IU East associate professor of history releases book on Colonial North American merchant, fur trader John Askin

September 19, 2017 |

Justin M. Carroll has been passionate about history since he was a child.

That certainly shows in his enthusiasm for teaching at IU East.

Justin M. Carroll

And it shows in his euphoria for having a new book published about a fur-trading giant in Colonial North America and the Early Republic.

The associate professor of history is the author “The Merchant John Askin: Furs and Empire at British Michilimackinac,” which was released this month (in September).

Michilimackinac basically stands for the area between the upper and lower peninsulas of Michigan. But fur tradings effect — and Askin’s effect — had a long range that reached into what is now southern Canada and down into what became Indiana and Ohio.

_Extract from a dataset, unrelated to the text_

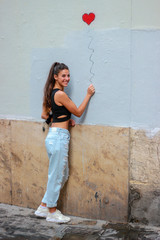 Trendy beautiful long haired young model posing on graffiti background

“The Illinois Country and the Ohio Valley figured prominently in most histories of the fur trade,” Carroll said. “(The) lands that would become Indiana and Ohio were important zones of Indigenous and imperial rivalry throughout the 18th century. This had to do with the fur trade, but also the agricultural productivity and material prosperity of the land itself.”

The biography is the first solely about Askin, who was a prominent businessman (and also liquor smuggler and adversary to the expansive Hudson Bay Company) during British control of the Great Lakes during the last decades of the 1700s.

Carroll received his Ph.D. at Michigan State in 2011. He teaches courses in Great Lakes’ Indigenous history and the history of the British Empire for the IU East School of Humanities and Social Sciences.

He said his research into Askin and the fur trade transforms easily into the classroom. That’s not only in the historical aspects, but also in better understanding the processes of researching, writing, re-writing and publishing — which each can encompass their own struggles. “I use it to demystify,” he said. “Often, when students read monographs in history classes, they are only aware of the finished products, I think it’s been very useful to show them all the steps in between.”

The book started as a project a decade ago in graduate school and turned into a dissertation before being published by Michigan State University Press.

“There’s a huge sense of accomplishment, relief, and even loss in that,” Carroll said.

“Before, I woke up everyday knowing what I was going to do; research the Askin book, write the Askin book, edit the Askin book, and now, it’s done and I’m entering a new project.  All and all, I feel glad that somebody thought it was worthy of publication, and people reviewed and said, ‘This adds something to the conversation.’”

Carroll said he loves the freedom that IU East encourages and the closeness to students that is a byproduct of being on a smaller campus. “(I can) engage students and history in different ways. For example, two years ago, we created a medieval cook site and did an outdoor medieval food demonstration,” he explains.

He took students from a course on the American Revolution to Virginia “and we explored how the past is remembered or misremembered by popular historical tourist attractions.”

He and students also “have established new ways of exploring the past through role playing and online gaming.  And I’ve been inspired and challenged by IU East students as well; I’ve grown a lot intellectually because of them.”

Carroll’s new book drew a good response from reviewer Brian Leigh Dunnigan, associate director and curator of Maps at University of Michigan’s William L. Clements Library.

He wrote: “The ephemeral, contested nature of British authority during the 1760s and 1770s created openings for men like Askin to develop a trade of smuggling liquor or to challenge the Hudson’s Bay Company’s monopoly over the fur trade, and allowed them to boast in front of British officers of having the “Key of Canada” in their pockets. How British officials responded to and even sanctioned such activities demonstrates the vital importance of trade and empire working in concert.

“Askin’s life’s work speaks to the … vital need for the North American merchants, officials, and Indigenous communities to establish effective accommodating relationships, transgress boundaries (real or imagined), and reject certain regulations in order to achieve the (British) empire’s goals.”